THE DATA START

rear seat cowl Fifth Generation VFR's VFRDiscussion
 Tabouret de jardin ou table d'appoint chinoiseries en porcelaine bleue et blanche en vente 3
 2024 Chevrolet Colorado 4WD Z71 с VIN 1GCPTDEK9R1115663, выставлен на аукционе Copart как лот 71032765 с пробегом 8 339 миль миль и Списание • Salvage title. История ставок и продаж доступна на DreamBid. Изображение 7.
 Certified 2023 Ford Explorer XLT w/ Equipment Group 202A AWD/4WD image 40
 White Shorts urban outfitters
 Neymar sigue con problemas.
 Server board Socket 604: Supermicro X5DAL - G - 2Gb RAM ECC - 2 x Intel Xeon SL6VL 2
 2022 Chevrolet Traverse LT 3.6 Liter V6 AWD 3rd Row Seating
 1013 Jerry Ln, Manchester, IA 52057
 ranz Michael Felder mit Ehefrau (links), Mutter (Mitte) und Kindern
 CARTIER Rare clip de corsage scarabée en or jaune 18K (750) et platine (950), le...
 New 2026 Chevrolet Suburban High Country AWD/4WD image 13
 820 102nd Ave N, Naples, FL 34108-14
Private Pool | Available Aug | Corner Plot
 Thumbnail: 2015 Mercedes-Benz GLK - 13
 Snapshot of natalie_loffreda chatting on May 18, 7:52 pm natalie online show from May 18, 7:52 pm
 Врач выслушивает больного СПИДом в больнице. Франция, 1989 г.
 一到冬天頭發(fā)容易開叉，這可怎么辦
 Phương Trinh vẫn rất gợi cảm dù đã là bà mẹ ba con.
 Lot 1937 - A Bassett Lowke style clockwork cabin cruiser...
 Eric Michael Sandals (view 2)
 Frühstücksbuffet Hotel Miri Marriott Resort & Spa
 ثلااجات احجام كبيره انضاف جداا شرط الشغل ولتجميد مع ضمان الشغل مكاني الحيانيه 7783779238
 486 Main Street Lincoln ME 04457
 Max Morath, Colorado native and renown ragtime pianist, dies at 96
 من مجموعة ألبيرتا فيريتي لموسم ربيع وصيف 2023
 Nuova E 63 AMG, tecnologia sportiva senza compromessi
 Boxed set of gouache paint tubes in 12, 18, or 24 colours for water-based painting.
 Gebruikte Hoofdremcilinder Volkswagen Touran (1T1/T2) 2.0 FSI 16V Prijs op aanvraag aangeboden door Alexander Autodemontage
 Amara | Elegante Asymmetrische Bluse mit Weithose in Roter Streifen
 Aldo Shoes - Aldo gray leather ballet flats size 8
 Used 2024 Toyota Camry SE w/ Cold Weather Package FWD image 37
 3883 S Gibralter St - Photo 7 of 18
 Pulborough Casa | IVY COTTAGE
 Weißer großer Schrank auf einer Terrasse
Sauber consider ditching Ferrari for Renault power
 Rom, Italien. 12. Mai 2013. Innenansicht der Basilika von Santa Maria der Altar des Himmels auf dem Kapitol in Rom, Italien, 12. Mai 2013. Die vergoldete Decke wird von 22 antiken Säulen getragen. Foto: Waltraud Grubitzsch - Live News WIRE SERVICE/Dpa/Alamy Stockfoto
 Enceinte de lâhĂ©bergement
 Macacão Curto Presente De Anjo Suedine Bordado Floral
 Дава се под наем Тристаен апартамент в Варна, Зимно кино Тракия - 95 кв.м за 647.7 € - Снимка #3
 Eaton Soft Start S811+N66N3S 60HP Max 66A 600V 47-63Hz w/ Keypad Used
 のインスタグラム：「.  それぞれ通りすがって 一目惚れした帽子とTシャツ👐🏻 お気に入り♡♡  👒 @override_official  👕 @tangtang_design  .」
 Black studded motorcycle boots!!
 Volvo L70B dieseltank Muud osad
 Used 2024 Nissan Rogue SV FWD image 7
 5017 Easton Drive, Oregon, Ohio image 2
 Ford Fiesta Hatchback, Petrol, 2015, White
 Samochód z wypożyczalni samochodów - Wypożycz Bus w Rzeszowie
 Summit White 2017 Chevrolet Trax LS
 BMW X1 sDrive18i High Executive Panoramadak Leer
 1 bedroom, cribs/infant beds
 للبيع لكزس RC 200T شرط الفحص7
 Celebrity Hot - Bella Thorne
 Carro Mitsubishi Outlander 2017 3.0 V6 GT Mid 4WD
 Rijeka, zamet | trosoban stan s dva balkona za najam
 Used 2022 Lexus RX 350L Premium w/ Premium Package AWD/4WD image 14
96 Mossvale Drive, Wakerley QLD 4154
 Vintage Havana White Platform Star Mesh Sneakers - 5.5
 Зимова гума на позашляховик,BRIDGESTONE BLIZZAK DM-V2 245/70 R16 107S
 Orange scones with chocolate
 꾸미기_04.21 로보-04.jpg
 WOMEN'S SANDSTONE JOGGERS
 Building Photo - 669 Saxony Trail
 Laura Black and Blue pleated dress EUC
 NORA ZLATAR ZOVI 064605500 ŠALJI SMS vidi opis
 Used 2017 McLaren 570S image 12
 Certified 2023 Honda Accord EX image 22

THE DATA END

* _WHAT YOU ARE ASKED TO DO_
Verbatim reproduction is required for the line holding "NORA ZLATAR ZOVI" and for every line after it in the records, with no other line included.

* _TASK RESPONSE_
 NORA ZLATAR ZOVI 064605500 ŠALJI SMS vidi opis
 Used 2017 McLaren 570S image 12
 Certified 2023 Honda Accord EX image 22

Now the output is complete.